Le asset class con spread, siano esse investment grade o high yield, crediti o titoli sovrani dei mercati emergenti, denominate in USD o in EUR, mostrano tutte una tendenza molto simile, con i premi al rischio in calo per tutto agosto e in leggero aumento a settembre. A nostro avviso, ciò dimostra che al momento la performance di tali asset class è senza dubbio prevalentemente guidata dai flussi. Ovviamente, il contesto macro complessivo è piuttosto favorevole per tutte queste asset class, con una crescita globale ancora presente e un contesto dei tassi più propizio. Detto questo, a nostro parere i movimenti pressoché paralleli degli spread tra queste asset class non sono del tutto giustificati. In particolare, osserviamo una divergenza tra la direzione presa dagli emittenti high yield e quella degli omologhi investment grade. Mentre l'investment grade continua a registrare miglioramenti dei parametri di credito generali, nell'high yield si verifica il contrario. In altre parole, i due segmenti si stanno allontanando sempre più l'uno dall'altro. I tassi più contenuti e il continuo interesse per il credito hanno probabilmente indotto alcuni emittenti ad adottare politiche più favorevoli agli azionisti a scapito dei creditori: più dividendi, riacquisti e attività di M&A.

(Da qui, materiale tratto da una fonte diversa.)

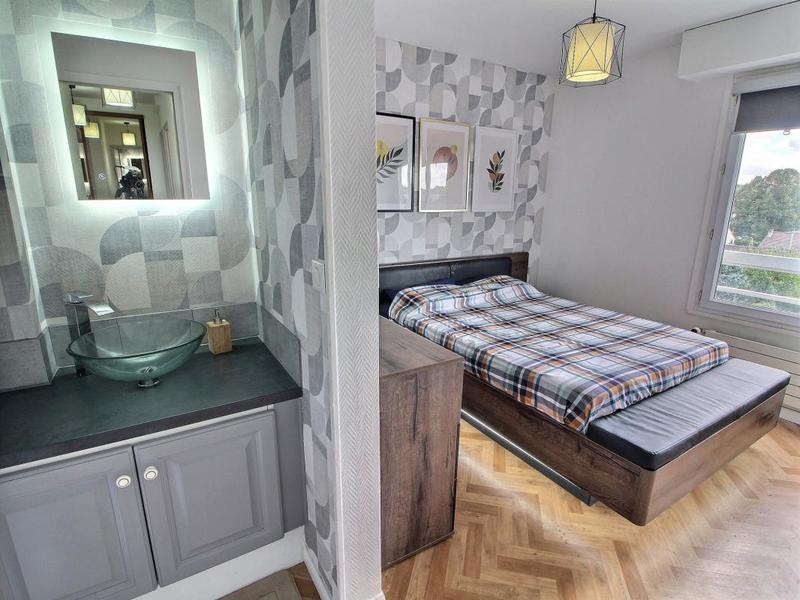 Appartement - 97 m² - 5 pièces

Stati Uniti: il mercato del lavoro detta la performance a breve e medio termine dei Treasury USA
Riteniamo che la probabilità di un marcato rallentamento dell'economia statunitense sia in forte crescita. Il mercato del lavoro sta peggiorando rapidamente, con i dati sull'occupazione che mostrano significative revisioni al ribasso. Sebbene alcuni indicatori, come la stima GDPNow della Fed di Atlanta e alcuni indici ISM, continuino a segnalare una certa resilienza, la tendenza generale è quella di un indebolimento. Il rallentamento riguarda al momento soprattutto le assunzioni anziché i licenziamenti, ma la storia ci insegna che questi ultimi spesso seguono a stretto giro una battuta d'arresto delle assunzioni. Se la crescita dell'occupazione continua a essere stagnante, la domanda interna potrebbe affievolirsi ulteriormente.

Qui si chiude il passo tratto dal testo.